Lysandra se quedó paralizada de confusión.

¿Por qué las reinas elfas habían hablado de esa manera? ¿Era burla? ¿Estaban de alguna manera involucradas en esta catástrofe?

Su cerebro luchaba por procesar algo coherentemente. Esta locura había frito completamente sus circuitos mentales.

«No, eso no tiene sentido. ¿Por qué sabotearían su propia reputación?»

Intentó pensar lógicamente.

«Quizás no estaban presentes durante la transmisión. Pero ¿dónde podrían haber estado? Vi al rey merodeando antes. Incluso Aeliana vino preguntando si las había visto.»

Su mirada se desvió hacia el pasillo por donde habían emergido las reinas.

Y ahí estaba él.

Jax.

Sus ojos brillaban con algo que solo podía describir como pura emoción infantil. Escaneaba cada discusión que ocurría en el salón de baile, bebiendo el caos como un vino fino.

Completamente perdido en su propio mundo.

Pasó justo al lado de Lysandra sin reconocer su existencia.

Sus venas comenzaron a palpitar.

No porque la ignorara. No, había desarrollado algún tipo de síndrome a estas alturas. Algo que se activaba automáticamente cada vez que entraba en su radio. Una reacción física ante su mera presencia.

—Profesor Jax.

Su voz salió controlada. Sin gritar. Sin vociferar. Solo firme.

—¿Dónde estaba?

Jax se dio la vuelta.

Su rostro parecía el de un niño experimentando las calles por primera vez. Asombro. Emoción. Deleite absoluto por el espectáculo que lo rodeaba.

Cuando sus ojos se posaron en Lysandra, esa expresión se atenuó ligeramente. Pero nunca desapareció por completo.

—Directora.

Caminó hacia ella, con curiosidad plasmada en sus facciones.

—¿Qué está pasando aquí? ¿A qué viene tanto alboroto?

Sus ojos recorrieron a los nobles que discutían.

—¿Fue alguna riña entre estos distinguidos ciudadanos? ¿Una disputa real quizás?

Su entusiasmo vaciló.

—No me diga que solo eran niños peleando de diferentes academias.

Entonces sus ojos se iluminaron de nuevo.

—Cuénteme los detalles, directora. Y más importante, ¿hay alguna posibilidad de que pueda encenderlo de nuevo?

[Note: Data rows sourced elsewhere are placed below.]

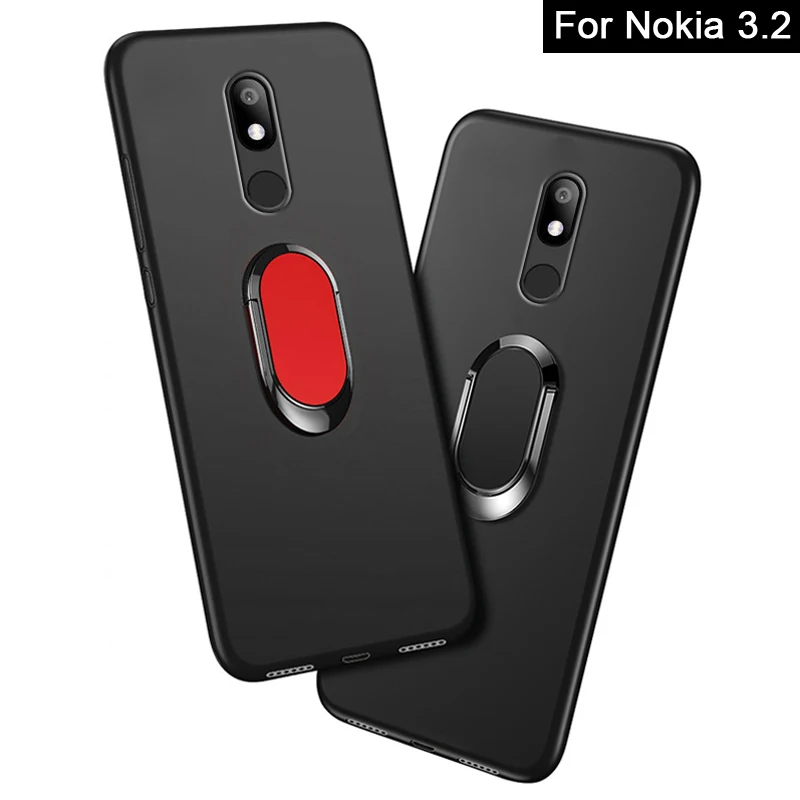 Nokia3.2 чехол для Nokia 3,2 чехол Роскошный 6,26 дюймов мягкий черный силиконовый металлический палец кольцо Funda для Nokia 3,2 телефонные чехлы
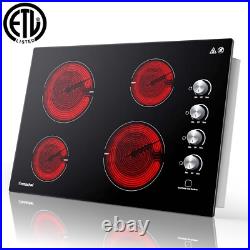 30 Electric Ceramic Cooktop 4 Burner Built-In Radiant Stove Knob Control ETL 30 Electric Ceramic Cooktop 4 Burner Built-In Radiant Stove Knob Control ETL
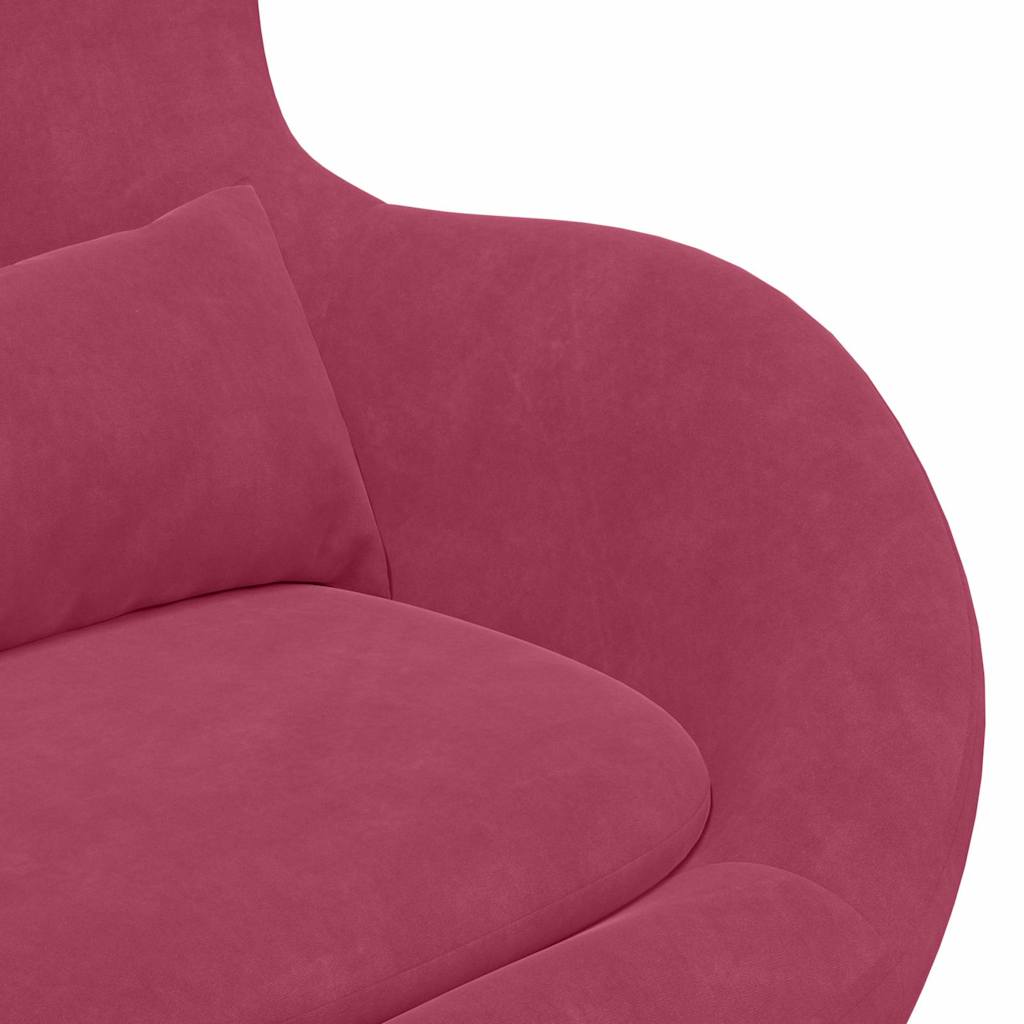 Fauteuil œuf Rouge bordeaux 63 x 73 x 90 cm Velours - XIOS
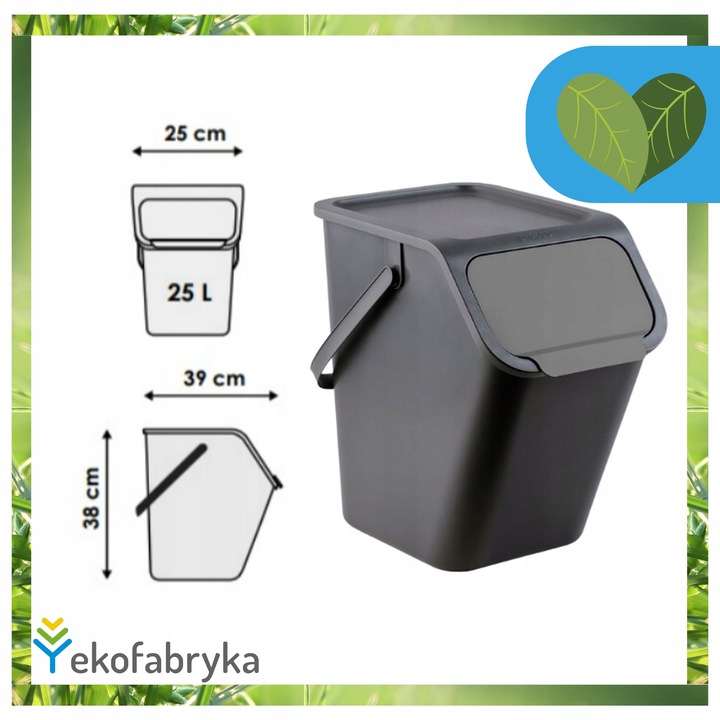 Kosz na śmieci pod zlew na odpady ZMIESZANE kuchenny mały CZARNY 25l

El rostro de Lysandra quedó completamente inexpresivo.

Cualquier pequeña sospecha que hubiera albergado sobre él siendo el culpable se evaporó al instante. Esa curiosidad genuina. Esa auténtica decepción ante la posibilidad de haberse perdido algo entretenido.

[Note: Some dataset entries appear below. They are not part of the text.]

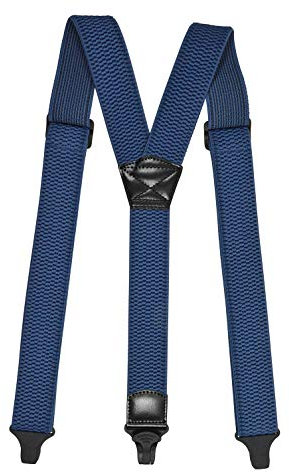 Olata Y Hosenträger mit Kunststoff-Clips für Flughäfen – 4 cm. Blau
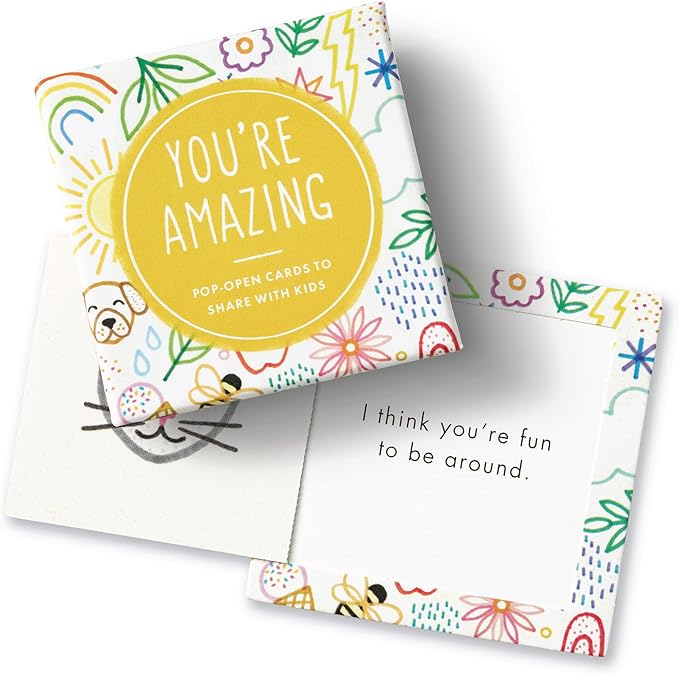 Compendium ThoughtFulls for Kids — 2 Pack of You're Amazing, I Love You — 60 pop-open cards to share with kids, each with a different message inside
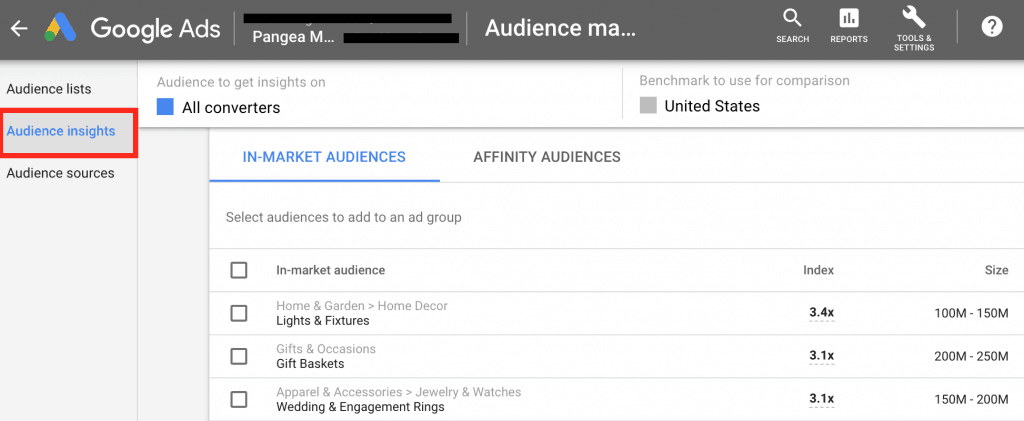 Google Ads In-Market Audiences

Ninguna persona culpable podría fingir tal emoción pura ante un caos que ellos mismos hubieran creado.

—No debería bromear sobre esto —dijo secamente—. La reputación de la Academia está en juego.

Jax ladeó la cabeza.

—¿Broma?

Su confusión parecía genuina.

Ella suspiró profundamente.

—Suficiente, profesor. No tengo tiempo para sus…

—El sentimiento es mutuo.

La interrumpió sin vacilar y se dio la vuelta para marcharse.

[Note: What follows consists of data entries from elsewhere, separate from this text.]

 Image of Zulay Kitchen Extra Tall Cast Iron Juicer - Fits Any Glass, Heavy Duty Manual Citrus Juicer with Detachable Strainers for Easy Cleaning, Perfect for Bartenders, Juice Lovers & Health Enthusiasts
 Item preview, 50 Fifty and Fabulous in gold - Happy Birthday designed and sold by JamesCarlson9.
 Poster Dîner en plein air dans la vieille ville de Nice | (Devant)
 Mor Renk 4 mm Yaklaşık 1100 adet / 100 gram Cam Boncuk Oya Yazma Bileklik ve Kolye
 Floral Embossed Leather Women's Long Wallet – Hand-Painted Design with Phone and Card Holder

Pero entonces Lysandra notó algo.

En la espalda de su chaqueta. Una mancha blanca. Extendida sobre la tela oscura como si alguien hubiera sido descuidado con su comida.

—¡Profesor!

Jax se volvió de nuevo. Esta vez su sonrisa permaneció, pero apenas. La ira centelleó detrás de sus ojos.

—Al menos compórtese como un noble —le reprendió Lysandra—. Ha manchado su traje con crema. Probablemente por comer postres como un niño.

Negó con la cabeza decepcionada.

—Incluso mi consentida Emily se comporta mejor que usted. Por favor, piense en la reputación de la Academia por una vez.

La sonrisa de Jax no vaciló.

—Me importa un carajo la Academia.

Comenzó a alejarse.

—Y si se siente tan dedicada a su reputación, ¿por qué no lo limpia usted misma con la lengua?

Luego desapareció. Tragado por la multitud de nobles discutiendo.

Lysandra se quedó allí, siseando entre dientes apretados.

Sus ojos vagaron por el salón de baile y encontraron a la Reina Tia e Ilythra. Estaban rodeadas por el rey elfo y Aeliana, siendo cuestionadas. O más bien, interrogadas sobre su paradero.

Entonces la mirada de Tia se desvió.

Encontró a Jax entre la multitud.

Sus mejillas se sonrojaron por un breve momento antes de que rápidamente apartara la mirada.

El cerebro de Lysandra comenzó a conectar piezas que desesperadamente deseaba que permanecieran separadas.

«Ambas mujeres estaban desaparecidas. Jax también estaba desaparecido».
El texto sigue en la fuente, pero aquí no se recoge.